___ Data records
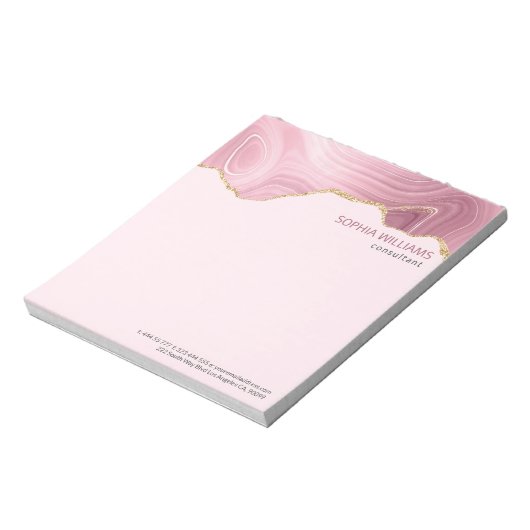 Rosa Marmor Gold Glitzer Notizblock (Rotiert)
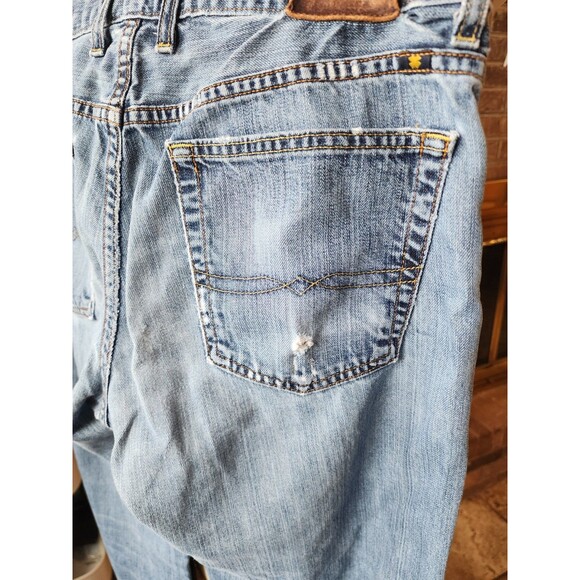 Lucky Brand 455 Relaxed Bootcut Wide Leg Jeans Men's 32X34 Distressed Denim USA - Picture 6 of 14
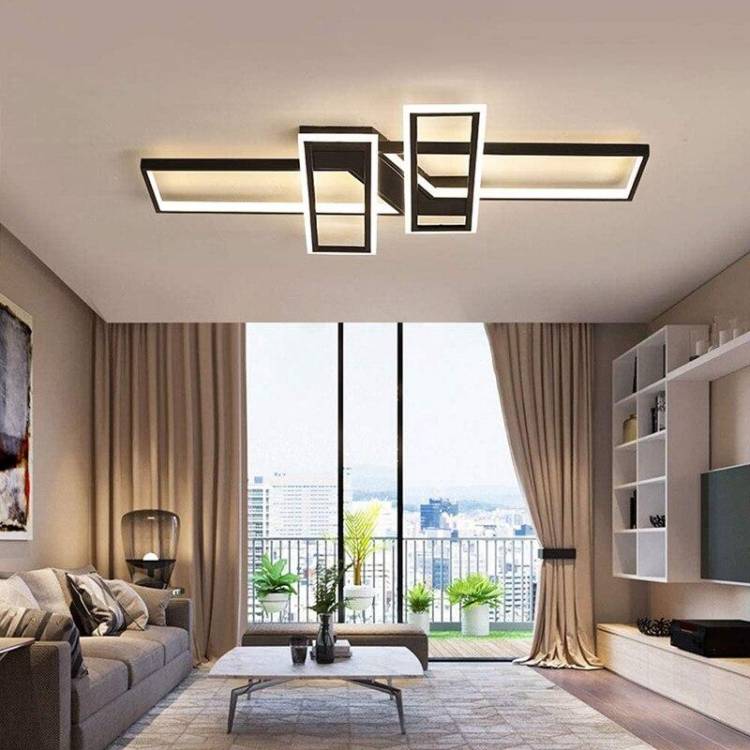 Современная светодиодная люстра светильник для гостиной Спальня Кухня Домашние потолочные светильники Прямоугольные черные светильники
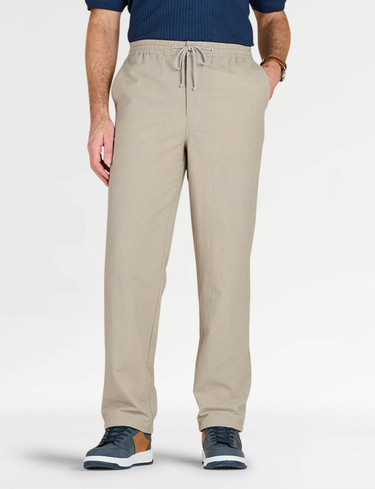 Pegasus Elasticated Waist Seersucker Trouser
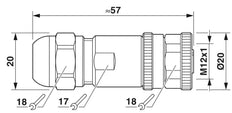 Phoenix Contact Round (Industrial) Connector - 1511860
______
___ Data records
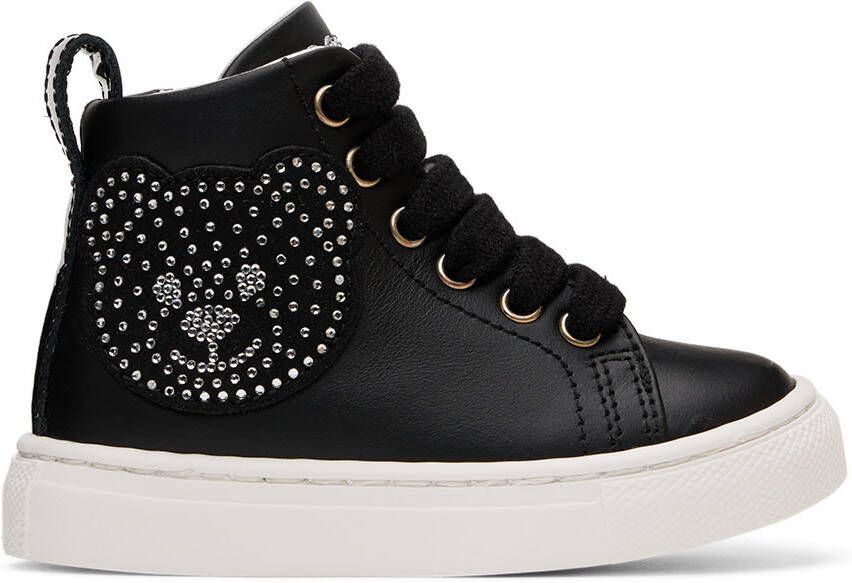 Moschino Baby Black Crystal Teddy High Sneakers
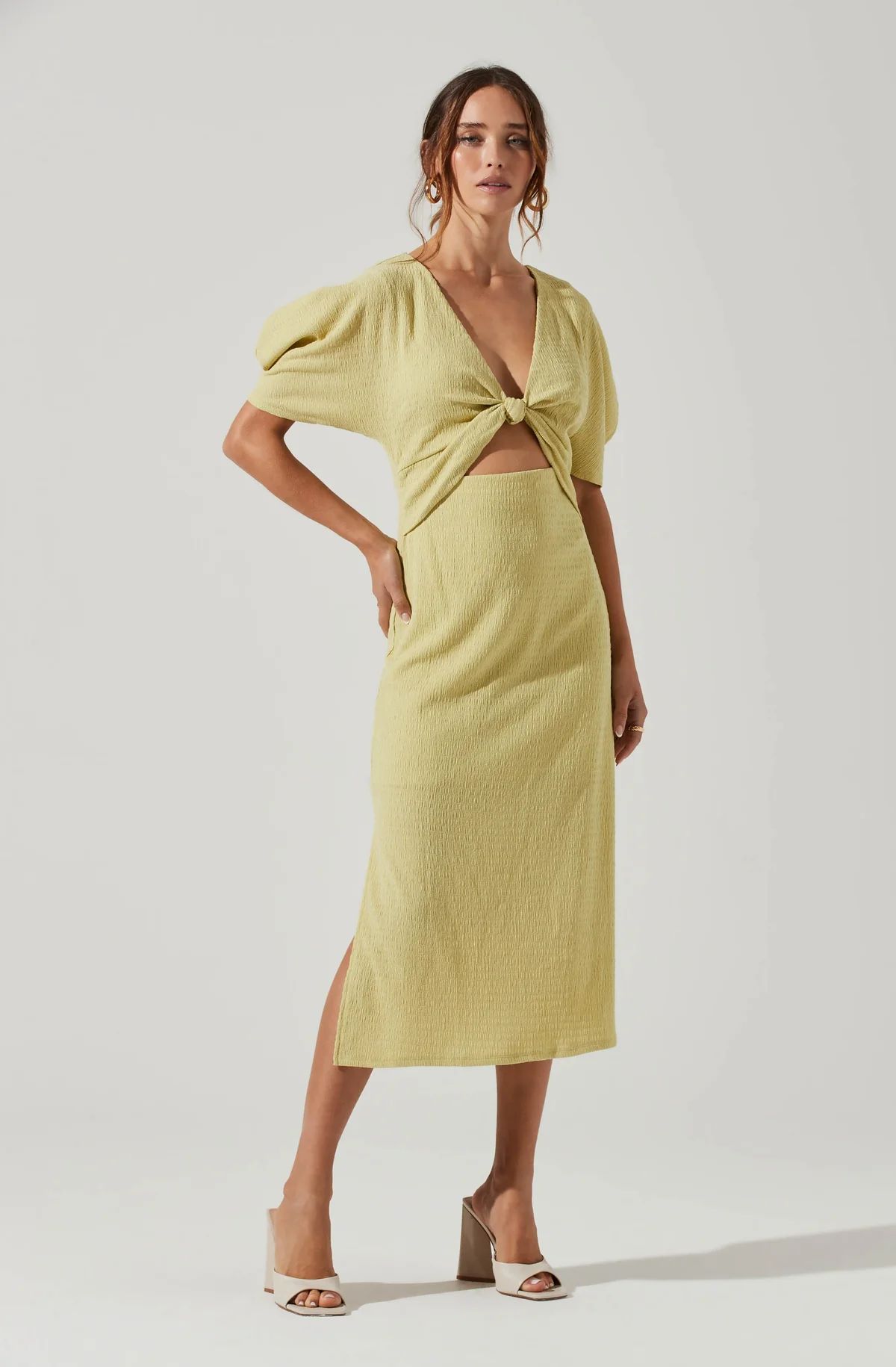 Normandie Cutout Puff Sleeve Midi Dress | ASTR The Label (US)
______
■ **What you will do**
In the listing above, find the line with "Lucky Brand 455" and the line with "Phoenix Contact Round". Set down exactly those lines and everything between them, skipping pictures.

■ **Task output**
 Lucky Brand 455 Relaxed Bootcut Wide Leg Jeans Men's 32X34 Distressed Denim USA - Picture 6 of 14
 Современная светодиодная люстра светильник для гостиной Спальня Кухня Домашние потолочные светильники Прямоугольные черные светильники
 Pegasus Elasticated Waist Seersucker Trouser
 Phoenix Contact Round (Industrial) Connector - 1511860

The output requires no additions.